Zu der Sicherheitskonferenz am 2. März 2007 waren Österreichs damaliger Innenminister Günther Platter (ÖVP) und bayerische Sicherheitskräfte eingeladen, die vermutlich eine Vorbildrolle spielen sollten. Laut einem Bericht der Tageszeitung Der Standard zeigte sich der oberösterreichische Landeshauptmann-Stellvertreter Erich Haider (SPÖ) anschließend zufrieden: »Ich bin besonders froh, dass Skinhead-Veranstaltungen künftig nicht mehr als Privatveranstaltungen gelten.« Und sein Chef, der immer noch amtierende Landeshauptmann Josef Pühringer (ÖVP), habe eingeräumt, dass es seitens der Exekutive »Fehleinschätzungen« gegeben habe, allerdings seien die Behörden »getäuscht worden«. Innenminister Platter kündigte laut Standard an, man werde Radikalismus von rechts und links »null Toleranz« entgegenbringen, die Polizei gehe »mit aller Kraft an die Dinge heran«. Ähnlich wie in der Schweiz sind mir seit diesem Zeitpunkt keine Rechtsrockkonzerte mit vierstelligen Besucherzahlen mehr in Österreich untergekommen.
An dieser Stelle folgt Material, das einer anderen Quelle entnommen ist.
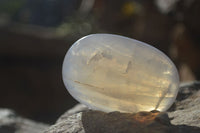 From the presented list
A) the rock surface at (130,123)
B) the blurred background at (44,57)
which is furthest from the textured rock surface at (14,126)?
the blurred background at (44,57)

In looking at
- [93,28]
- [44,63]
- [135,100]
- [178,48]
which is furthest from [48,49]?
[135,100]

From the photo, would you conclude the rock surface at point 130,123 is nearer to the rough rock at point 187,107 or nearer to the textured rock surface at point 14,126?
the rough rock at point 187,107

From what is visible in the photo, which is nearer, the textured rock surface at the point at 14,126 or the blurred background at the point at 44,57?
the textured rock surface at the point at 14,126

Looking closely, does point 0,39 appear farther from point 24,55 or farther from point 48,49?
point 48,49

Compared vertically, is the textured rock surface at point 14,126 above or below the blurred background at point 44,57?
below

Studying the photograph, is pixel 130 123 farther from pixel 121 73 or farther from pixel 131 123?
pixel 121 73

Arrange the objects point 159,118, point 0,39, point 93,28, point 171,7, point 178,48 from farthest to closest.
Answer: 1. point 93,28
2. point 0,39
3. point 178,48
4. point 171,7
5. point 159,118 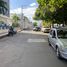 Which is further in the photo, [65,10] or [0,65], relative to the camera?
[65,10]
Während das Strafrecht in Österreich und der Schweiz bezüglich Neonazis ähnlich ausgeprägt ist wie in Deutschland, sind in anderen Ländern Hakenkreuz und Hitlergruß nicht strafbar – in der Folge unternahm und unternimmt die Polizei in anderen Staaten noch weniger, also fast oder gar nichts gegen die Konzerte. In Frankreich, Belgien und Ungarn habe ich bestenfalls einzelne Streifenwagen gesehen, in Italien fungierten die Ordnungshüter eher als Parkplatzeinweiser für deutsche Nazi-Reisebusse denn als Kontrolleure, und in England habe ich keinen Polizisten entdecken können. Die dortigen Aktivisten von Blood & Honour trafen sich daher nicht auf einem schäbigen Park-and-Ride-Parkplatz, sondern komfortabel in einem Pub. | 182 |
Der unterschiedlichen Gesetze wegen wissen Neonazis die offenen EU-Grenzen seit Jahren zu schätzen. Große Konzerte finden vorzugsweise dort statt, wo der Verfolgungsdruck gering und die Verkehrsanbindung vergleichsweise günstig ist. Und auf der Bühne stehen oft deutsche Bands, welche die Staatsmacht verhöhnen – zum Beispiel in dem altbekannten Blut -Lied.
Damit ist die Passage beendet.